As a gay man, I am profoundly uncomfortable with the idea of one or more private companies having a durable record of the content I look at, for what I would hope are obvious historical reasons. Additionally, age-gate laws will inevitably be used for oppressive purposes - remember, a substantial number of conservatives view ANY mention of the mere existence of LGBT people or families as inherently pornographic, sexual, or obscene, and those people would absolutely seek to have all LGBT content age-gated. Hell, even without such laws we see this in libraries and schools. The harm that would be averted from age verification online is not proportional to the evils it would give rise to, plain and simple.

The only form of age verification I would ever be OK with would be on the same basis as being carded in RL - something like, at a corner store I could buy a tag with an ID number on it that would count as proof of age for as long as I had it, for online purposes. The clerk would verify my age and then give me a tag in a sealed box with a random number, thus preserving my anonymity from both angles: the clerk would not know what number he sold me, and the state would not know who bought the number, only that the retailer averred that I had had my age verified.

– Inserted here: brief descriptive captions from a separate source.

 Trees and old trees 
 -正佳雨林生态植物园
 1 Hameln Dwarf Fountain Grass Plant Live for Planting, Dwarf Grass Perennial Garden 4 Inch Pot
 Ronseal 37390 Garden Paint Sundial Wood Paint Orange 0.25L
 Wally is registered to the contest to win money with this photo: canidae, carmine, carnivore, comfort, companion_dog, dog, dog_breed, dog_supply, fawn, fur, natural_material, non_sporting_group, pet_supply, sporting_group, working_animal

The US hard-separates children and adults more than other countries.

In Europe, my ex and our two teen daughters could go out in the late evening and feel comfortable socializing in places that would be unthinkable in the US.

In general, US culture seems to stratify people by ages in all sorts of ways, official and just cultural. It doesn't feel as socially healthy to me. We are all better for having a wide variety of friends and family around us.

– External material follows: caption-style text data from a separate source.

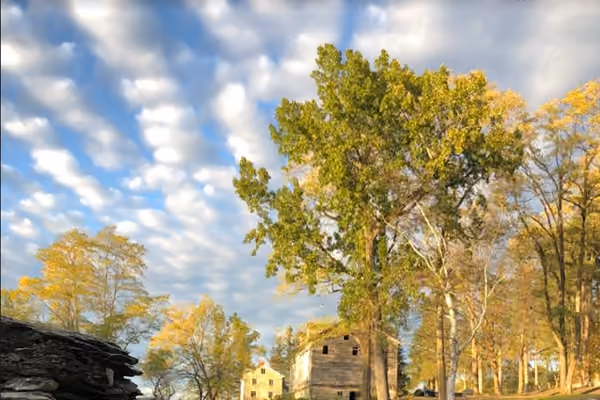 The Ruins at Sassafras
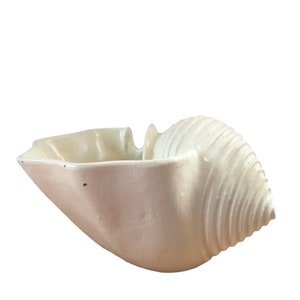 White Shell Planter - FREE SHIPPING!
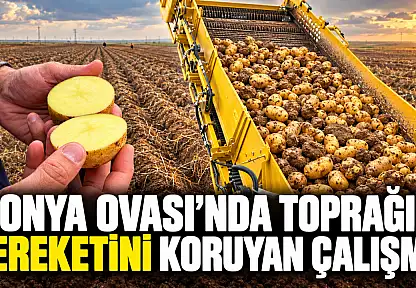 Konya Ovası'nda toprağın bereketini koruyan çalışma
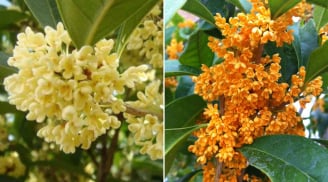 Trồng cây mộc hương (quế hoa) trước nhà có ý nghĩa gì?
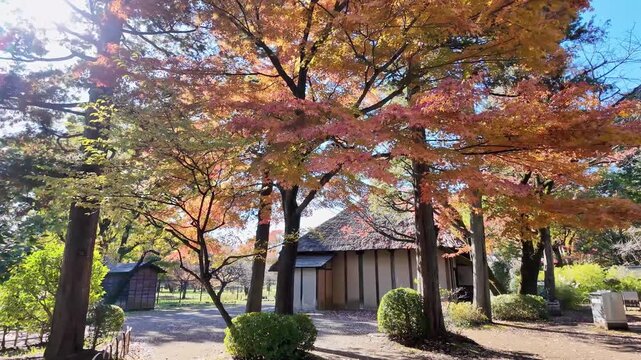 Trees with autumn foliage sway near a traditional thatched roof house.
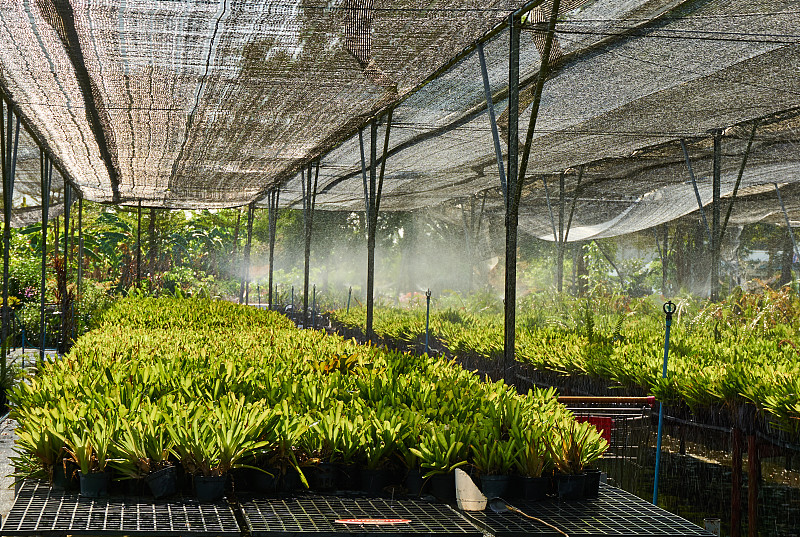 温室,植物群,植物苗圃,水,水平画幅,无人,农业机器,湿,户外,泰国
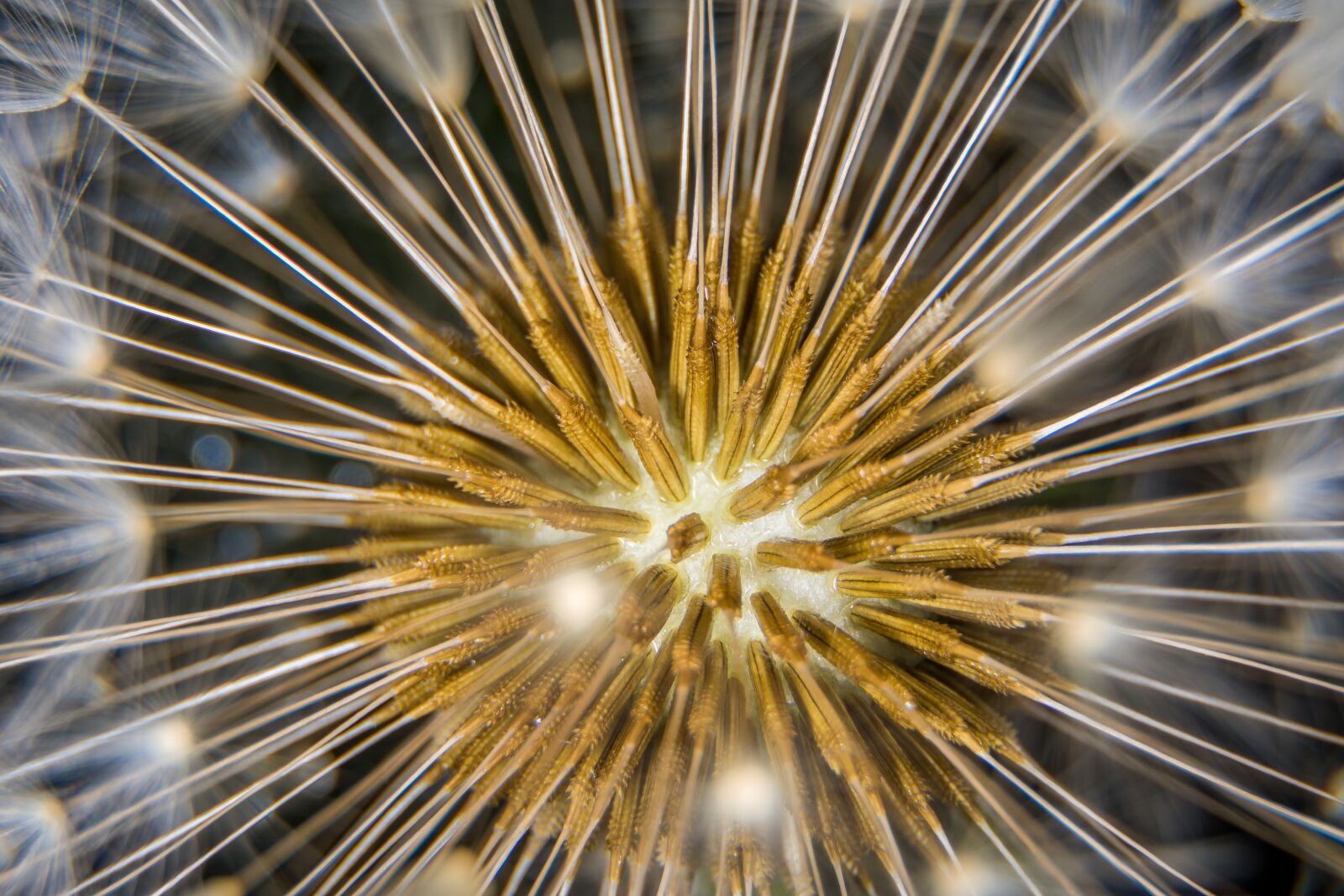 Nikon D7200 sample photo. Dandelion, macro, close up photography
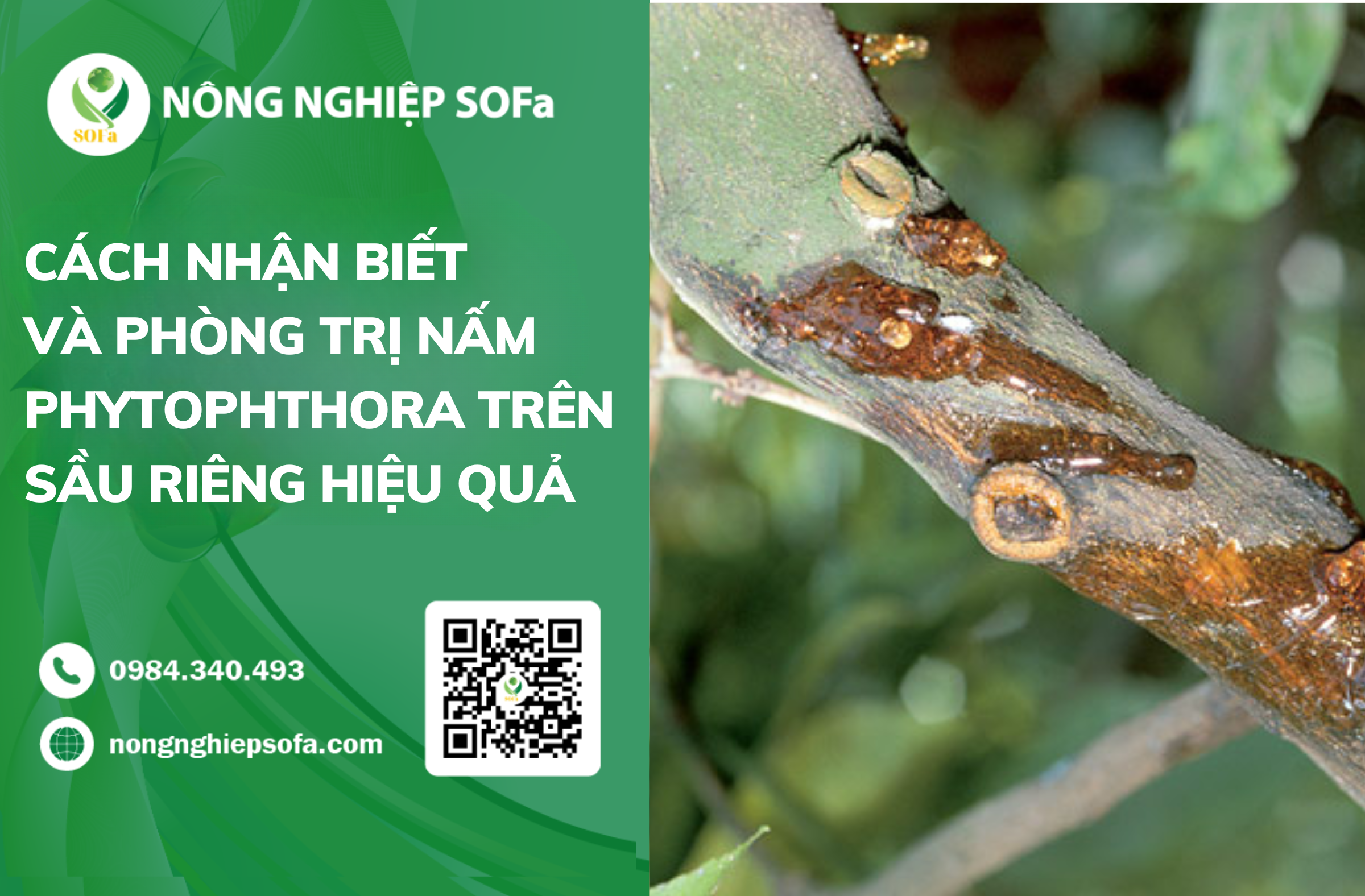 Dấu Hiệu Nhận Biết Nấm Phytophthora Trên Cây Sầu Riêng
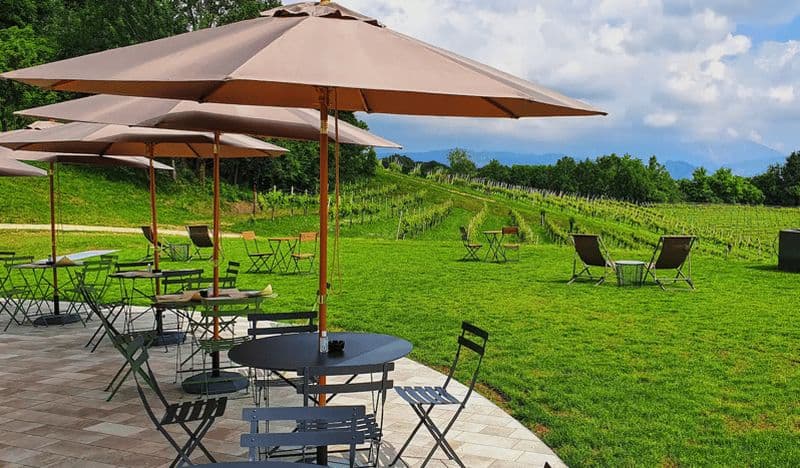 Billet Conegliano : Visite des collines et des vignobles du Prosecco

You used to walk into a newsagent and see the regular papers and magazines, and then the rack of playboy and porn just sitting off to the side, often not that far from the kids magazines and comics.


Japanese convenience stores still work this way. I’m still a bit bemused every time I see scantily clad ladies right next to the shounen manga, but maybe it shouldn’t xD


Dunno if this has changed, but it used to be this way in the US at basically any gas station in a ruralish area by a highway (in other words - stops with truckers), and you'd just have row after row of porn mags. The only 'censorship' is that they tended to be in racks that covered up about 3/5th of their height, so you could see the title and a bit more, but generally anything explicit would be in the lower 3/5th that you could only see if you picked it up.


This sounds to me like an argument against platform centralization, as the internet itself isn't a platform, but a protocol. So this is a problem of platforms, and their improper design. Not a problem of the internet itself.


The problem with the internet is that it is flat. Society has hierarchies, has always had hierarchies, and the architecture (in the broadest sense) of "RL" societies reflected that.

Internet came out of military and academia and had a flat namespace. No consideraton whatsoever was given to the idea of a 'social model' for it. This was discussed way back in late '90s in a yahoo group that has since disappeared: social models for communication networks.